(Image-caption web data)
◆ ◆ ◆ ◆ ◆

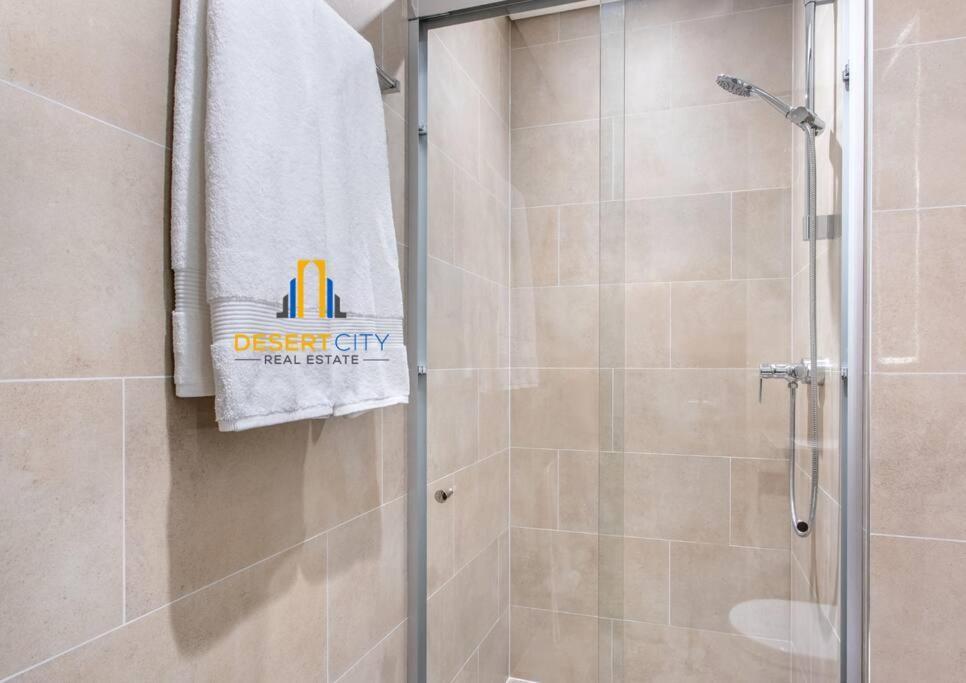 Fully Furnished 1 Bed In Sobha Creek Vista Hosted By Desert
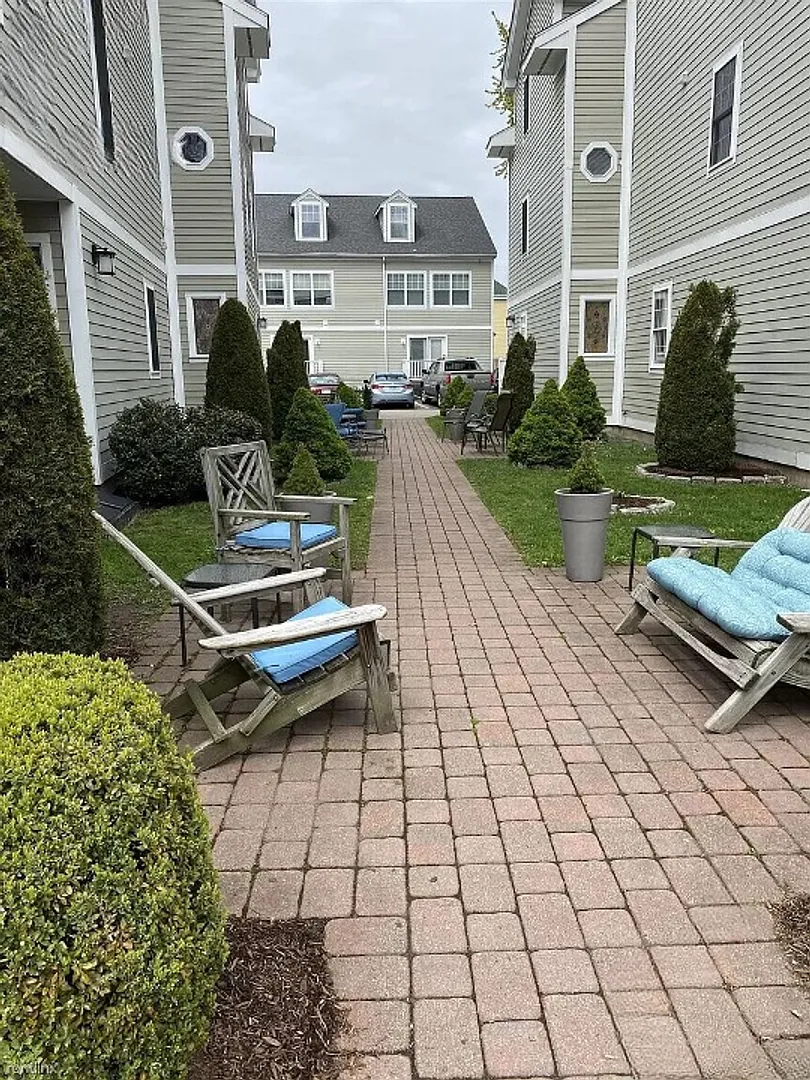Five Bedroom + Two & half Bath TownHouse * Lower Allston — Photo 2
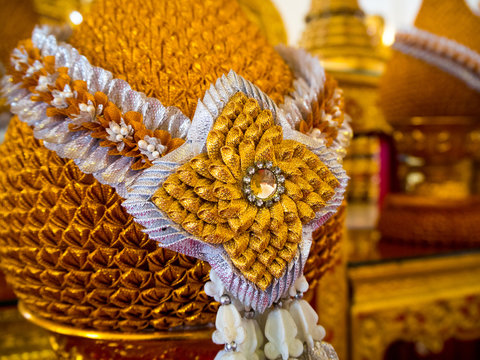 gold phum phan of thai style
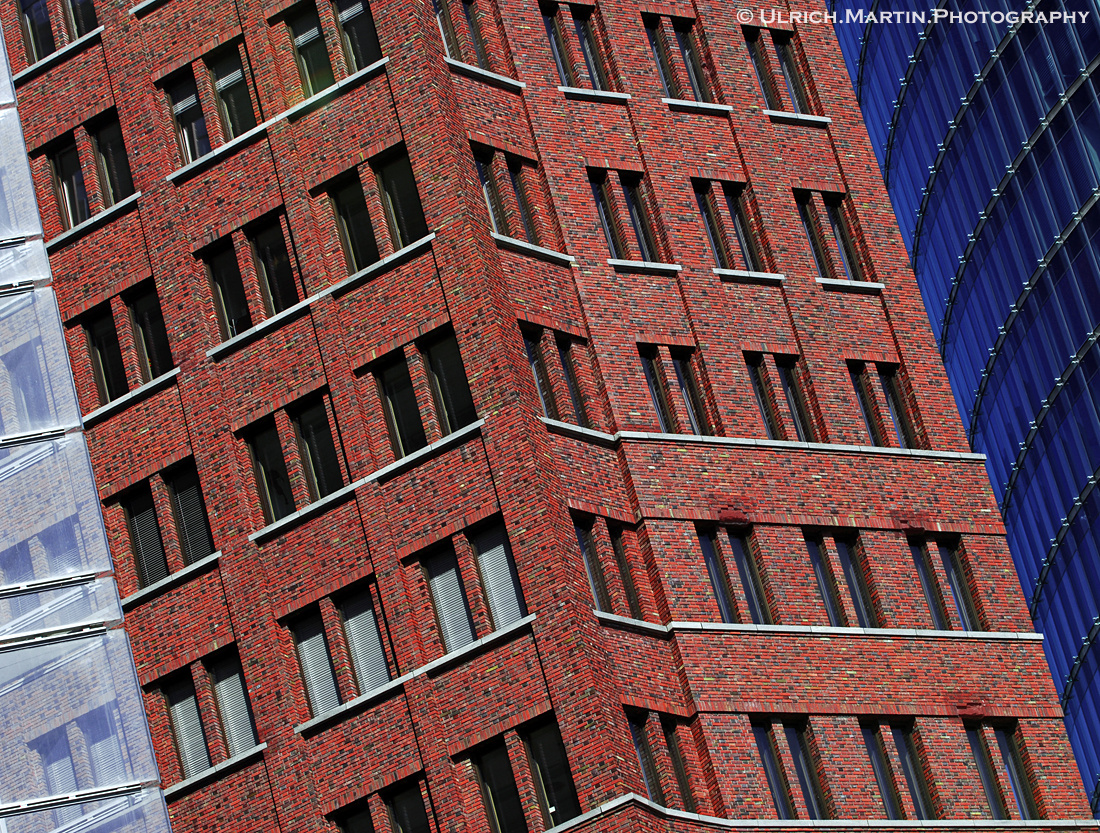 ... Potsdamer Platz ... Drei-geteilte Architektur ...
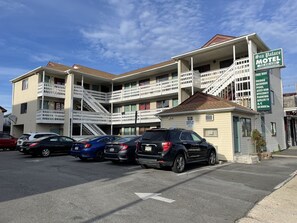 Exterior detail - Sea Palace Motel (Seaside Heights)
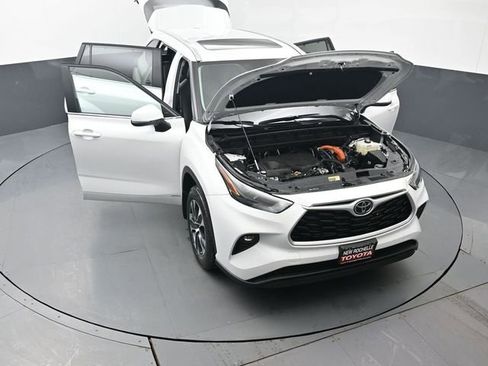 Certified 2026 Toyota Highlander XLE AWD/4WD image 57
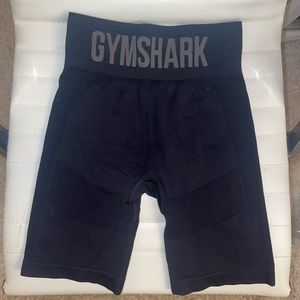 Gymshark flex biker shorts, black, size S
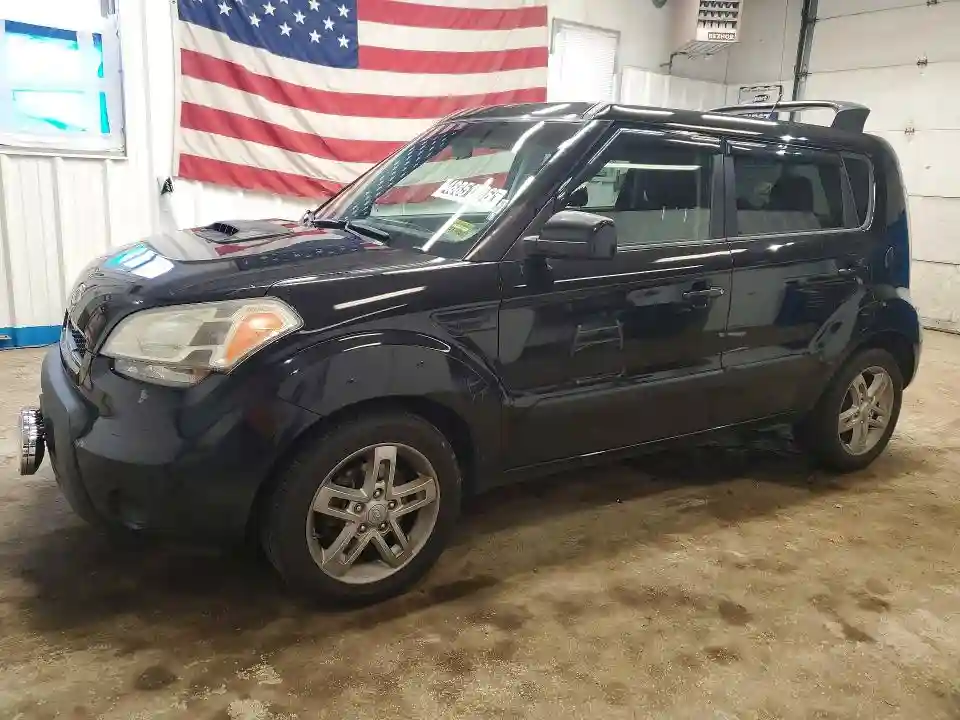 KNDJT2A20B7733005 2011 KIA SOUL-0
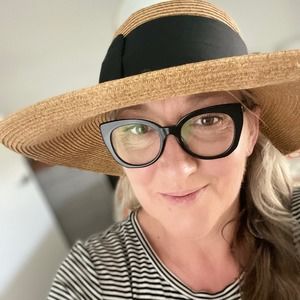 Meet your Posher, Ute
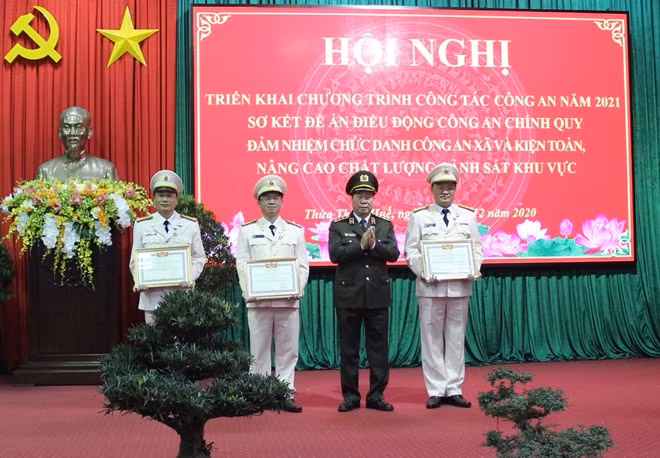 Thứ trưởng Bùi Văn Nam trao danh hiệu Chiến sĩ thi đua toàn lực lượng CAND cho 3 cá nhân thuộc Công an tỉnh Thừa Thiên Huế.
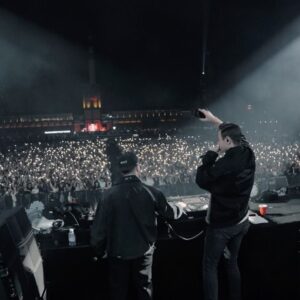 Jonas Blue Instagram - Wow, China - we’re lost for words. ♥️ You never know when you bring a project to a new country for the first time, but you exceeded all of our expectations. 🤯

Sending much love, new @weareendlesssummer music is on the way. ♾️

PS: Swipe all the way left if you wanna hear how Jonas’ brand new single went down 😏🏔️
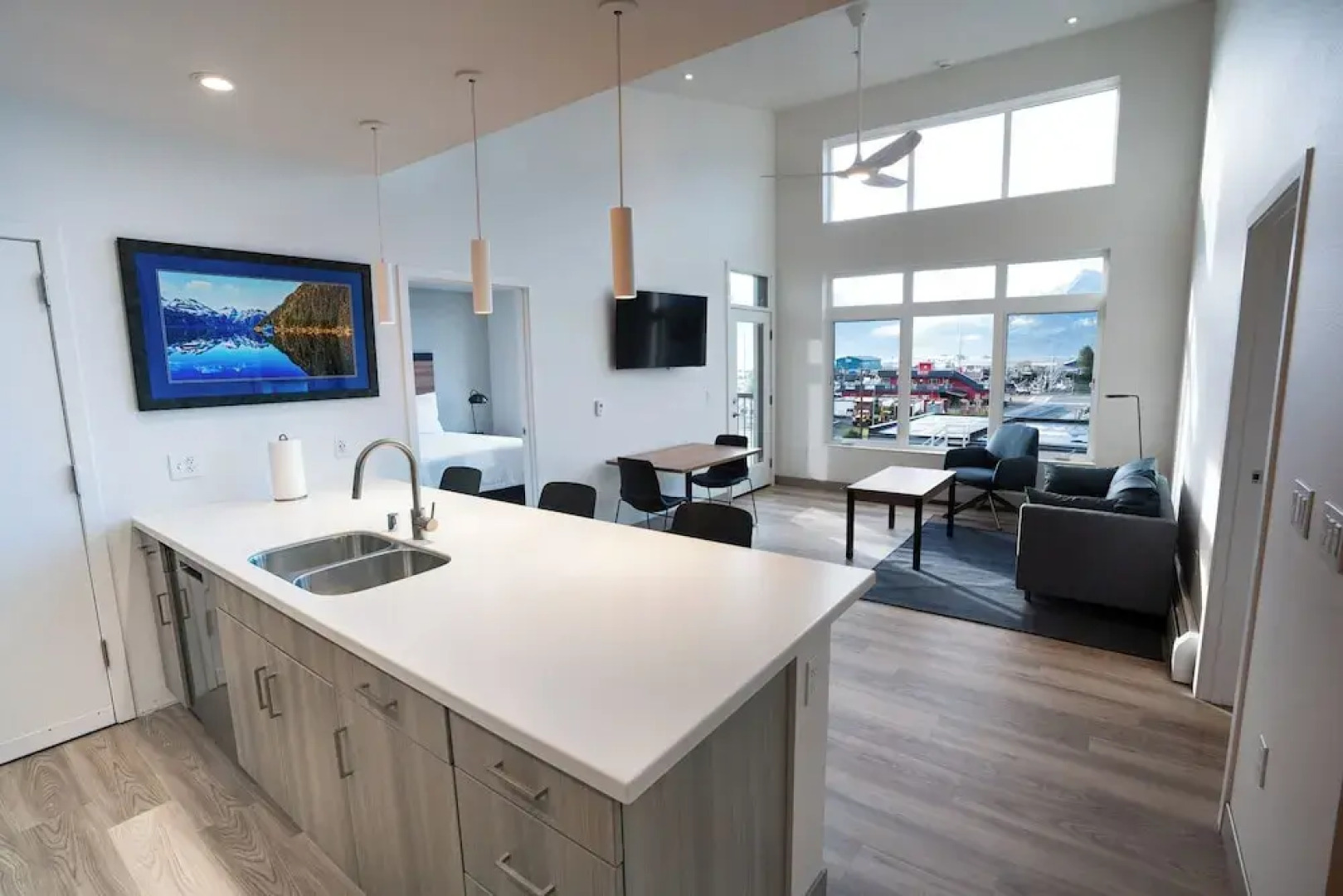 Chugach Naswik Suites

◆ ◆ ◆ ◆ ◆

What you have to do: Apart from the pictures, every record must be set down exactly.

Answer section:
 Fully Furnished 1 Bed In Sobha Creek Vista Hosted By Desert
Five Bedroom + Two & half Bath TownHouse * Lower Allston — Photo 2
 gold phum phan of thai style
 ... Potsdamer Platz ... Drei-geteilte Architektur ...
 Exterior detail - Sea Palace Motel (Seaside Heights)
 Certified 2026 Toyota Highlander XLE AWD/4WD image 57
 Gymshark flex biker shorts, black, size S
 KNDJT2A20B7733005 2011 KIA SOUL-0
 Meet your Posher, Ute
 Thứ trưởng Bùi Văn Nam trao danh hiệu Chiến sĩ thi đua toàn lực lượng CAND cho 3 cá nhân thuộc Công an tỉnh Thừa Thiên Huế.
 Jonas Blue Instagram - Wow, China - we’re lost for words. ♥️ You never know when you bring a project to a new country for the first time, but you exceeded all of our expectations. 🤯

Sending much love, new @weareendlesssummer music is on the way. ♾️

PS: Swipe all the way left if you wanna hear how Jonas’ brand new single went down 😏🏔️
 Chugach Naswik Suites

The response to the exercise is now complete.